I have chosen to factorize these variables as they represent categorical information. Variables like ‘STABR’, ‘SURVYEAR’, ‘VIRTUAL’, ‘SCHOOL_TYPE_TEXT’, ‘SCHOOL_LEVEL’, ‘CHARTER_TEXT’, ‘MAGNET_TEXT’, ‘STATUS’, and ‘SY_STATUS_TEXT’ are categories rather than continuous numbers. By converting these into factors, I am enabling R to treat them as categorical data, allowing for more accurate analysis and visualization. For example, ‘STABR’ is the abbreviation for states, which are distinct entities and should not be treated as numerical data. Similarly, ‘SURVYEAR’, though numeric, is categorical as I don’t perform arithmetic operations on it. The rest represent different aspects of the school system and are binary or categorical in nature. By treating these as factors, I am able to represent the data’s properties more accurately. ## Univariate Visualizations ### TOTAL

ggplot(tidy_data, aes(x = TOTAL)) +
  geom_histogram(binwidth = 0.1, fill = 'blue', color = 'black') +
  scale_x_log10() +
  xlab('Total Students (Log Scale)') +
  ylab('Count') +
  ggtitle('Distribution of Total Students (Log Scale)')

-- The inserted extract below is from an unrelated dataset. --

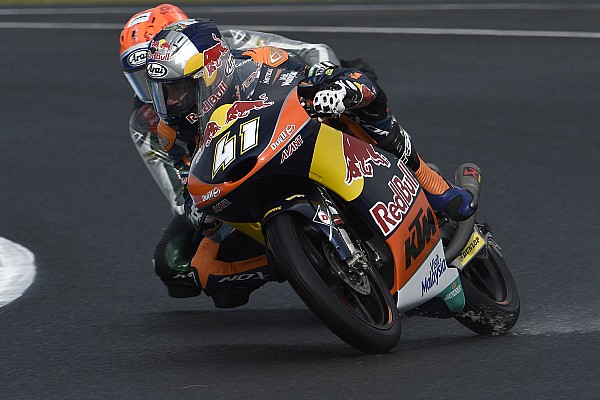 Brad Binder soffia la pole di Sepang a Navarro dopo il diluvio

This code produces a histogram that visualizes the distribution of total students at each school, but with a twist: it uses a logarithmic scale on the x-axis. The geom_histogram() function creates the histogram, and the binwidth = 0.1 argument sets the width of each bin in the histogram. The scale_x_log10() function transforms the x-axis to a log scale, which can make the plot easier to read and interpret when the data spans several orders of magnitude. The ‘fill’ and ‘color’ arguments in geom_histogram() set the color of the bars and their outline. Finally, xlab(), ylab(), and ggtitle() are used to label the x-axis, y-axis, and the plot title respectively. ### SCHOOL_TYPE_TEXT

ggplot(data, aes(SCHOOL_TYPE_TEXT)) +
  geom_bar(fill = 'blue', color = 'black') +
  xlab('School Type') +
  ylab('Count') +
  ggtitle('Count of School Types') +
  coord_flip()  # Flips the axes for easier reading

This code generates a bar chart that shows the count of different school types, as indicated by the SCHOOL_TYPE_TEXT field. The geom_bar() function creates the bar chart. The colors of the bars and their borders are set to blue and black respectively, as specified by the fill = 'blue', color = 'black' arguments. The labels for the x-axis and y-axis are set by xlab('School Type') and ylab('Count'), and the title of the plot is set by ggtitle('Count of School Types'). Finally, coord_flip() is used to flip the axes for easier reading. This is especially useful when the x-axis labels are text that would otherwise be displayed vertically and potentially overlap, making them difficult to read. ### Location

# Define the number of breaks you want on each axis
num_breaks <- 5

# Generate pretty breaks for x and y axis
x_breaks <- pretty(tidy_data$LONCOD, n = num_breaks)
y_breaks <- pretty(tidy_data$LATCOD, n = num_breaks)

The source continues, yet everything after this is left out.